Вопреки разительному внешнему отличию сюжет «Короля Лира» рядом ходов напоминает «Как вам это понравится». В обеих пьесах есть элемент романтической сказочности, сближающий их с фольклором и средневековыми романами. Если в комедии действуют злые братья (герцог-узурпатор и Оливер), то в трагедии их место занимают злые дети (Гонерилья, Регана и Эдмунд). В обеих пьесах происходит столкновение старшего поколения с младшим, и в обеих пьесах главные герои в решающий момент их сценической жизни удаляются на лоно природы. Есть здесь и традиционные переодевания, узнавания и неузнавания. Казалось бы, и в «Короле Лире» все могло кончиться благополучно. Так оно, собственно, и было в источниках, на которые опирался Шекспир, — хрониках и анонимной «Прославленной истории Лейра, короля Англии и его трех дочерей» (1594). Знаменательно, что после смерти Шекспира начиная с конца XVII и вплоть до середины XIX в. пьеса ставилась на английской сцене в обработке Наума Тейта и имела счастливый конец: Корделия оставалась жива и выходила замуж за Эдгара. В таком «улучшенном» виде трагедия, наверное, была доступней зрителям, привыкшим к логике движения подобных романтически сказочных сюжетов.

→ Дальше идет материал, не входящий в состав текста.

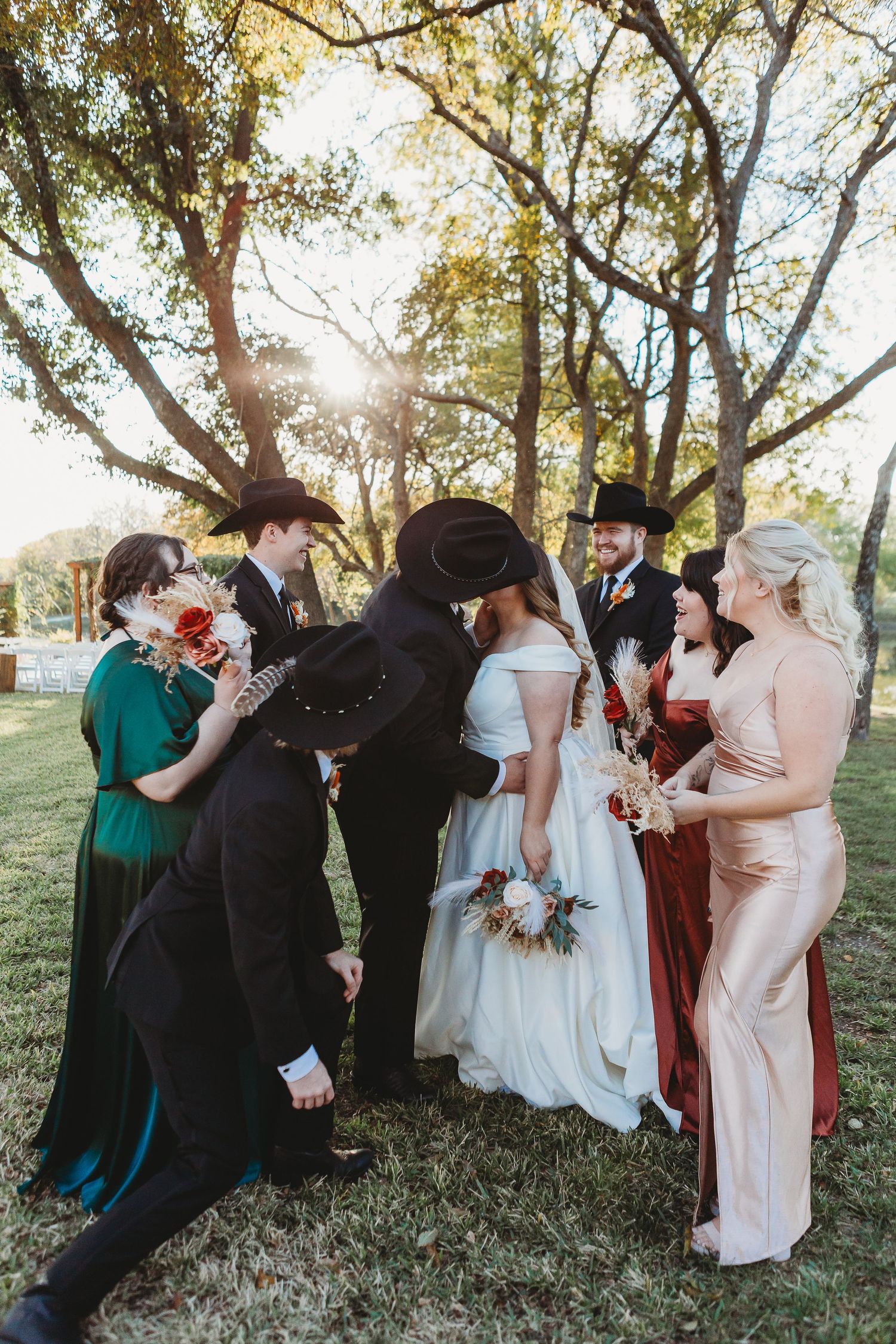 A wedding party gathers under trees during golden hour for a celebratory group photo.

«Король Лир» Шекспира взорвал привычные представления, в том числе и о пасторали. Точнее говоря, пасторальная традиция здесь как бы вывернута наизнанку, что дало повод одному из лучших современных интерпретаторов трагедии Мейнарду Мэку назвать ее антипасторалью7. По ходу действия пьесы герои несколько раз попадают на лоно природы, но эти пасторальные оазисы настолько не похожи на все знакомое прежде, что мы далеко не сразу и лишь с оговорками соотносим их с традицией. И в самом деле, Лира, отвергнутого Гонерильей и Реганой, ждет не встреча с ласковым летним солнцем и плодородной землей (их не было и в Арденнском лесу), но буря в безлюдной степи, где слышен только «ветра зловещий вой» и «кругом на много миль нет ни куста» (II, 4)8.

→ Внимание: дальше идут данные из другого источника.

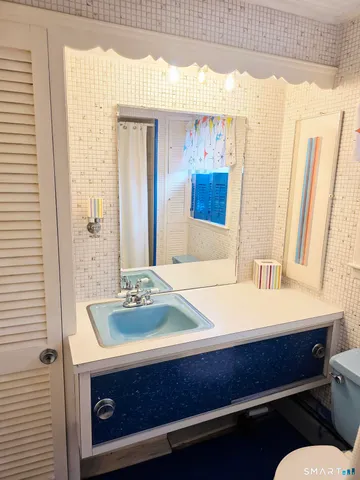 an empty room with wooden floor and closet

В такую ночь не выйдет за добычей
Медведица с иссохшими сосцами,
Лев, тощий волк сухого места ищут.

(III, 1).

Какой уж тут locus amoenus. Граница между пасторальным и непасторальным пространством как будто исчезла. Во всяком случае, взыгравшая стихия зла оказывается даже еще более опасной на лоне природы, чем при дворе. И тем не менее бегство короля Лира в степь все же выполняет традиционную для пасторали функцию, помогая герою найти себя. Пасторальная условность, хотя и вывернутая наизнанку, продолжает «работать» в самых что ни на есть экстремальных условиях.

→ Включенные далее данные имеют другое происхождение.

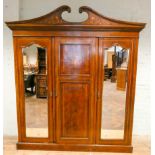 Edwardian inlaid mahogany three door wardrobe with double mirrored doors,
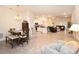 Bright, open-concept living space with dining area, island kitchen and comfortable seating, perfect for modern living at 4509 95Th E Ter, Parrish, FL 34219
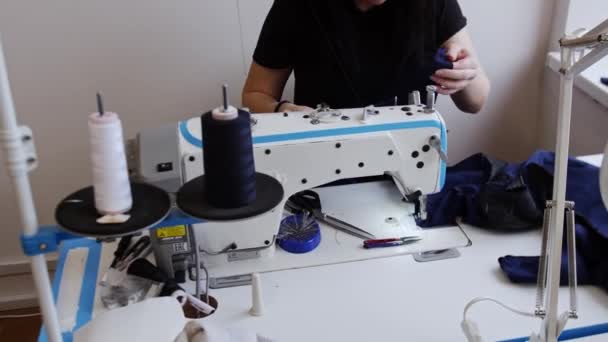 Молодая женщина готовит ткань для шитья швейной машинкой — стоковое видео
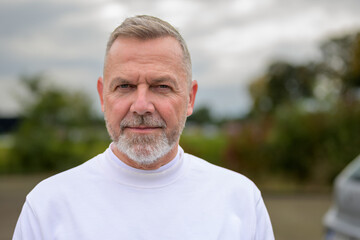Portrait of a Mature Man with a Serious Expression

В отличие от анонимной «Истории Леира» действие трагедии развивается стремительно. Уже в первой сцене первого акта Лир делит свое королевство, а затем, не сумев отличить правду от лести и поддавшись гневу, изгоняет любящую его дочь Корделию и преданного слугу Кента. Эти события тесно связаны друг с другом. Разделив королевство и добровольно сложив с себя обязанности монарха, Лир, согласно представлениям эпохи, совершил серьезнейший проступок. Он нарушил из века установленный иерархический порядок Великой Цепи Бытия, допустив, чтобы младшие по иерархии управляли старшим. «Ты из своих дочерей сделал свою матушку — тем, что дал им в руки розгу и спустил свои штаны» (I, 4), — говорит ему шут. Смещение гармонии лишь в одном звене Великой Цепи Бытия — государственной иерархии — неминуемо влекло за собой разлад и в других звеньях, что и происходит в древней Британии Лира, где, начиная с изгнания Корделии и Кента, быстро рушатся семейные и общественные связи (пьеса кончается гражданской войной) и бунтуют даже сами стихии природы. Буря в степи с ее неистовым ураганом, потоками холодного ливня, готовыми затопить землю, и разящим громом, способным расплющить земной шар, придает хаосу, захлестнувшему британское королевство, вселенский масштаб.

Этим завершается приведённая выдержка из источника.